🆕

Create your first pipeline

1. Create a new pipeline

To start your analysis, create a new Project and a new Pipeline. Give the pipeline the name to easier identify it further.
notion image

2. Upload your data to the pipeline

Every analysis starts with data, thus the first step in the pipeline is data upload.

Create the dataset

You may drag-and-drop your file to the scene (1), create a new dataset (3) or move the dataset from the left panel to the scene (2).
notion image
 
In the example below we are using home_prices_sample.csv

Review and upload the data

After you have added the data set to the scene, you may run the pipeline(1) to upload the data and review the data summary.
Data preview and summary are available under “View Data details”(2).
notion image
There are 2 tabs: Data Preview displays the sample of the dataset, Summary displays the list of the statistics for the entire dataset.
notion image
 

3. Build first pipeline

For the first pipeline, let’s try to use Brick recommendation (1).
There’s the list of goals you may choose and the we will guide you through the process of building the pipeline.
 
Let’s choose “Build a predictive model” (2).
notion image
 

4. Data Preparation

The next step is to clean and process the data for the further analysis. We have a set of functions available for data transformation and manipulation. You may browse through the list of bricks or search for them.
 
  1. Add the brick to the canvas
To use the brick drag-and-drop it from the left panel to the scene (canvas) and connect output of the dataset.
The platform suggests us to use Auto Data Preparation brick. The brick combines multiple transformations and automatically suggests the transformation rules. More details about Data transformation.
notion image
 
Connect the bricks on the canvas by dragging an arrow from the output of the dataset brick to the input of the Auto Data Preparation brick.
 
  1. Run the pipeline
  1. Open dashboard settings
    1. In the dashboard settings, you may see the transformation suggested for the data.
      For the example purposes, we will remove One-hot encoding for the string fields.

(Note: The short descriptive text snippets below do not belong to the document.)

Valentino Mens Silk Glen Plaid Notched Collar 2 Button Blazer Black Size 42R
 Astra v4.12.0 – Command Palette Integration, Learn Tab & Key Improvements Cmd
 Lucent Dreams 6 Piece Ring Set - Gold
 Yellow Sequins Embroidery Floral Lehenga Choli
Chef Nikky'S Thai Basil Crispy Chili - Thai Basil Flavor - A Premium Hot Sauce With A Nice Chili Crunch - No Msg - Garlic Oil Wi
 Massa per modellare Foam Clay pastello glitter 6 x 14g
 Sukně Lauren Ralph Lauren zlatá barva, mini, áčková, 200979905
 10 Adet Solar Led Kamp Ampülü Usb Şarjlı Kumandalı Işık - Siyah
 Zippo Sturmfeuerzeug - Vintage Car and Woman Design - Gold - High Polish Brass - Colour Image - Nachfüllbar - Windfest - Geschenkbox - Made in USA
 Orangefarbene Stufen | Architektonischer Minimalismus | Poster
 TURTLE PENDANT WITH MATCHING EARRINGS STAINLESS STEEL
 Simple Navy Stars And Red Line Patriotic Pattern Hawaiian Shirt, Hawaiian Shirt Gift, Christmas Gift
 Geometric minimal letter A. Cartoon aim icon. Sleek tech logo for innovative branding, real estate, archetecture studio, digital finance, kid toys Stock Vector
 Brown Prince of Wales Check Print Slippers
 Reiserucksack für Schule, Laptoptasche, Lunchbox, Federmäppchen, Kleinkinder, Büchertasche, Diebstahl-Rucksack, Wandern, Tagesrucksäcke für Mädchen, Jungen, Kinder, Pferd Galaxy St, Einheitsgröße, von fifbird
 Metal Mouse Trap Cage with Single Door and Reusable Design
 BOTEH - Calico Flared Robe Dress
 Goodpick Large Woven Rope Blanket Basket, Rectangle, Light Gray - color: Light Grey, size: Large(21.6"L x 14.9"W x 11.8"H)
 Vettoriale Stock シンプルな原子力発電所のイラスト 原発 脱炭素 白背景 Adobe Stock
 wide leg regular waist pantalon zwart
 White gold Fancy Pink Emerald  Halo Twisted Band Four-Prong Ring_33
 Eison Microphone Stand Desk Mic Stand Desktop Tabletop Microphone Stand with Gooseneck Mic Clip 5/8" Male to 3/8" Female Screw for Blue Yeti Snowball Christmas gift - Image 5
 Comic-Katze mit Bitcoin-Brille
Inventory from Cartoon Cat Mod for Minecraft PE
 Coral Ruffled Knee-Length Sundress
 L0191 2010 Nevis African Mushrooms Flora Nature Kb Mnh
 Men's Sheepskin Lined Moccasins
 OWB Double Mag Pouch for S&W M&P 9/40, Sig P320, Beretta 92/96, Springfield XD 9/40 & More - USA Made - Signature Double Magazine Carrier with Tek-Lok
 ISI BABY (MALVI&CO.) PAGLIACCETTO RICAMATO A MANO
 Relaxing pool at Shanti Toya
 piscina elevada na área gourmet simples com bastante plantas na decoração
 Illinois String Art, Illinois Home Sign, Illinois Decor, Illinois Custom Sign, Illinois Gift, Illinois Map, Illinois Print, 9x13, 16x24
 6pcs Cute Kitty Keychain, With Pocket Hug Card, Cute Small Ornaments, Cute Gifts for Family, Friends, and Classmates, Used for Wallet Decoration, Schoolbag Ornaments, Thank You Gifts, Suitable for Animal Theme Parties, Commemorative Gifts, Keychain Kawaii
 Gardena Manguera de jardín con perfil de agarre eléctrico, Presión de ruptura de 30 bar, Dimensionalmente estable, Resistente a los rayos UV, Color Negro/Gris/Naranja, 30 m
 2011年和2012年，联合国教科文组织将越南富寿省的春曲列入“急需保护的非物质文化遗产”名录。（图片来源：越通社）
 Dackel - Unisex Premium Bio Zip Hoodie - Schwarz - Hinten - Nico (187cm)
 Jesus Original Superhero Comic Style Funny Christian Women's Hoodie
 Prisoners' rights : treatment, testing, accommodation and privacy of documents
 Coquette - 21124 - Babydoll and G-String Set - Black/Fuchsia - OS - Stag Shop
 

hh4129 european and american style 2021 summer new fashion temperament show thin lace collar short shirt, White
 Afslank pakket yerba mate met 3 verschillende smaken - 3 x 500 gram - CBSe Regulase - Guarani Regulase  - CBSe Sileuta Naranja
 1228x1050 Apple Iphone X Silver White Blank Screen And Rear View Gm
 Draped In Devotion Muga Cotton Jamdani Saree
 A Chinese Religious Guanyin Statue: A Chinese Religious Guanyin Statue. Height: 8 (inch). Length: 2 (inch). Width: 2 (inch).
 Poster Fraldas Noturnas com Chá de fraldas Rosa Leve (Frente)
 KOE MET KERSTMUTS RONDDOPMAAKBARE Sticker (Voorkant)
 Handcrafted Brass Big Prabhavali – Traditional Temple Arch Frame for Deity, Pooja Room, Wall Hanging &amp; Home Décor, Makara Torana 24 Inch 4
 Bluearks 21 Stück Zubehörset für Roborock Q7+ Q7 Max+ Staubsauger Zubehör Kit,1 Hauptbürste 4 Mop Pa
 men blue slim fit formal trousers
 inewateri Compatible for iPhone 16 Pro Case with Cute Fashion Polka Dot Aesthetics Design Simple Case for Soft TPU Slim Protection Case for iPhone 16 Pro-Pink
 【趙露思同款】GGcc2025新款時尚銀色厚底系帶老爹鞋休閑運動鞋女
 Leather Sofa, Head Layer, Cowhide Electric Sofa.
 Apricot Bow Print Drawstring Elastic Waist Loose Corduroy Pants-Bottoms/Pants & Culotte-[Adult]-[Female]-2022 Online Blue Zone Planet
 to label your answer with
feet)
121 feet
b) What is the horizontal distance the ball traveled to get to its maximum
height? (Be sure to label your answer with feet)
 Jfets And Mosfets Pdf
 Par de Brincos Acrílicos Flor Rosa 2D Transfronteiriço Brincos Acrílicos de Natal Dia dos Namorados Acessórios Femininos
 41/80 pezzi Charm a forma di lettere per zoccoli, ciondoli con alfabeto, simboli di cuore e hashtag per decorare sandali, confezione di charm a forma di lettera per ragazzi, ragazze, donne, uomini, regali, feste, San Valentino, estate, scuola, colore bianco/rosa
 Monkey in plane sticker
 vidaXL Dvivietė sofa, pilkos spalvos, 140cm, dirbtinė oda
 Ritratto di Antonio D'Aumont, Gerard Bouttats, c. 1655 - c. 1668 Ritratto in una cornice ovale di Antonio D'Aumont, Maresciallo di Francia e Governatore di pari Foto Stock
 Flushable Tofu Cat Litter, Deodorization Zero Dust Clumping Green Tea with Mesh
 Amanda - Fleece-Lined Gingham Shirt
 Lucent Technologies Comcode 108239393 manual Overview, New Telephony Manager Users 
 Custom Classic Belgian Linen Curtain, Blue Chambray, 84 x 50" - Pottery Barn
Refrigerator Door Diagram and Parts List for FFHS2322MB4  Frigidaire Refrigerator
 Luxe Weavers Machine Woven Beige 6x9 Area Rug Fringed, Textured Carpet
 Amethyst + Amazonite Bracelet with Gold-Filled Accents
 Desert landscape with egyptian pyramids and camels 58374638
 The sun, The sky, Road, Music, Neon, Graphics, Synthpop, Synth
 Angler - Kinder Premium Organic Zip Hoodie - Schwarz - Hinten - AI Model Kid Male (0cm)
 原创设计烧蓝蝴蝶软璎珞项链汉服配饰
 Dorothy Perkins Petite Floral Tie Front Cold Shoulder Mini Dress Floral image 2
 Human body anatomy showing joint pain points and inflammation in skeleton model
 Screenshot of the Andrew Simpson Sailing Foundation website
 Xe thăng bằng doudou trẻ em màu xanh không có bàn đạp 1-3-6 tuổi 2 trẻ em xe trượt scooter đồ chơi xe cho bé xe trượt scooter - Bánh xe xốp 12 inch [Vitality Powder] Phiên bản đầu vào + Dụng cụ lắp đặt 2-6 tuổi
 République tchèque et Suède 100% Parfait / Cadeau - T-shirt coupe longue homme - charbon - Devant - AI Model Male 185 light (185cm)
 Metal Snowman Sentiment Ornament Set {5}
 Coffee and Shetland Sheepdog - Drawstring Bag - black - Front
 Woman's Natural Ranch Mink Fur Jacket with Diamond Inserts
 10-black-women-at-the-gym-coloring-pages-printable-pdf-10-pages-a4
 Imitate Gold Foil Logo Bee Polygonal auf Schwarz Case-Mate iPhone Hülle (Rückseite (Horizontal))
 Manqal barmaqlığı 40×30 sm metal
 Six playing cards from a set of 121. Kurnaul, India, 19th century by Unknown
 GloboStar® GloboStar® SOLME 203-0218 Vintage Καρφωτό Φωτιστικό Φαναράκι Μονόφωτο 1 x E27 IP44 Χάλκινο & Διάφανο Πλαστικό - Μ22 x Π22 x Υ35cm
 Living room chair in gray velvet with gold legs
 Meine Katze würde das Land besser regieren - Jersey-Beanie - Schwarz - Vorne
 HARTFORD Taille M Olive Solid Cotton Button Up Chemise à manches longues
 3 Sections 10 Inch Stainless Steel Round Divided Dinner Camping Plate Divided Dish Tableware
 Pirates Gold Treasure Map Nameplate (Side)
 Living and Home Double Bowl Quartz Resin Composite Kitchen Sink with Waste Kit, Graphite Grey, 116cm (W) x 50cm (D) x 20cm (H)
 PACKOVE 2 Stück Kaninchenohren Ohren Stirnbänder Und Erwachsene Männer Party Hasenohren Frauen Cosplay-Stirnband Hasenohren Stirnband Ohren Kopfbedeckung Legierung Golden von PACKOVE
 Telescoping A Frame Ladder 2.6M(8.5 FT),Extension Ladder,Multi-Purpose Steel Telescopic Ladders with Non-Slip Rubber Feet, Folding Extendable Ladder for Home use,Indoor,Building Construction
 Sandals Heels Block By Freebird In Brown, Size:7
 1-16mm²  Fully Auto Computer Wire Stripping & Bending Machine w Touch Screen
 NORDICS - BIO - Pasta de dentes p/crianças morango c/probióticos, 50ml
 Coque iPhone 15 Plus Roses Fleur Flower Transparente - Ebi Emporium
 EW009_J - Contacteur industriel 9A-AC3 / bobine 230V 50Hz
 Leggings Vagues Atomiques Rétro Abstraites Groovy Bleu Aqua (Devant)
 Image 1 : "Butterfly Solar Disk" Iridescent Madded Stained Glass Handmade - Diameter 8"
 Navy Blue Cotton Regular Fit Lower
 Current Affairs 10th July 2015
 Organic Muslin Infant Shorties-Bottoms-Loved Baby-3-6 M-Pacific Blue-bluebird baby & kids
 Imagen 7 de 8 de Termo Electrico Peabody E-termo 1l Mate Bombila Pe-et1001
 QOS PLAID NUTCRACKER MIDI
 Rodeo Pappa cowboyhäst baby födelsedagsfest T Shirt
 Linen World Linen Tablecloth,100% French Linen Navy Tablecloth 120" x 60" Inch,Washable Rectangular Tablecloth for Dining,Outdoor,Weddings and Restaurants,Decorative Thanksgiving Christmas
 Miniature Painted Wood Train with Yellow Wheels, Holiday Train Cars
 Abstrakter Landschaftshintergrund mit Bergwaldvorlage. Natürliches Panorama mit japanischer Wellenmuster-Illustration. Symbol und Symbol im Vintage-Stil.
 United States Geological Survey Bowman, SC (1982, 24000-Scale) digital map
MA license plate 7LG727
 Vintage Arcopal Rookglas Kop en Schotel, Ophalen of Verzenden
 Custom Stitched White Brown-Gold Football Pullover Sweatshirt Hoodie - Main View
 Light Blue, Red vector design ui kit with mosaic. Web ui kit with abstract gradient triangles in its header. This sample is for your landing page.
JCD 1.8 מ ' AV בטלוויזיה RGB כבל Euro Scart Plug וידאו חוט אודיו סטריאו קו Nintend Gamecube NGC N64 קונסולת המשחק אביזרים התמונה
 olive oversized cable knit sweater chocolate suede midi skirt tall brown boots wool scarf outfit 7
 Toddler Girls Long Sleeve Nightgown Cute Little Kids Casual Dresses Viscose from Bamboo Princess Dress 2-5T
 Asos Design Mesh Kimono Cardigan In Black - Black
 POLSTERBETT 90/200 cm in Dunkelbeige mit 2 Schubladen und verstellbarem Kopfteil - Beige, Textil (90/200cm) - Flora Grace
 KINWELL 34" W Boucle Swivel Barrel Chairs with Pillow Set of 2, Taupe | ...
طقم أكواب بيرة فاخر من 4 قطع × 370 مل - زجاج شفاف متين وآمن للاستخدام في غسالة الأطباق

To apply the changes press Save, close the dashboard and Run pipeline.
      notion image
      Summary tab provides the insights into the changes applied.
      notion image
  1. Data preview
    1. Open Data Preview if you would like to view the data sample or full data.
 
 

5. Split the data for training and testing

Find the Split Data brick and connect to the Data Preparation. This step allows you to train the model on the subset of data.
 

6. Predictive modeling

  1. Drop the AutoML Predictive Model
    1. Drop the AutoML Predictive Model brick to the canvas and connect to the Train data from the Split Data brick.
      Then setup the Target variable (1) and Run the pipeline (2).
notion image
 
  1. Open model view
Model performance consists of the model metrics and plots.
Classification
  • Supported metrics: accuracy, precision, recall, f1-score, ROC AUC, Gini
Regression
  • Supported metrics: RMSE, MAPE, R2
 
notion image
notion image
 
You may download the model in the json format or save models to the assets from the Model view.
Models saved to the assets maybe used in the other pipelines.
  1. Save the model with the name
    1. notion image
  1. Models available in the “Saved models”
    1. notion image
 
 
  1. Predicted values
    1. To review the predicted values open the View Data details. The new column is added to the dataframe - predicted_SalePrice.
      notion image
      notion image
 
Output of the AutoML Predictive modeling brick - data frame with the predicted values and a trained model.
 

7. Use the trained model

After we have trained the model, let’s test the performance on the test data sample.
  1. Find the Predict brick in the list.
  1. Connect the inputs to the Predict brick
    1. Connect the data from the Split Data and model from the AutoML Predictive Model.
      notion image
  1. Run pipeline
  1. Open Data details
    1. In the Data details you may see the predicted values.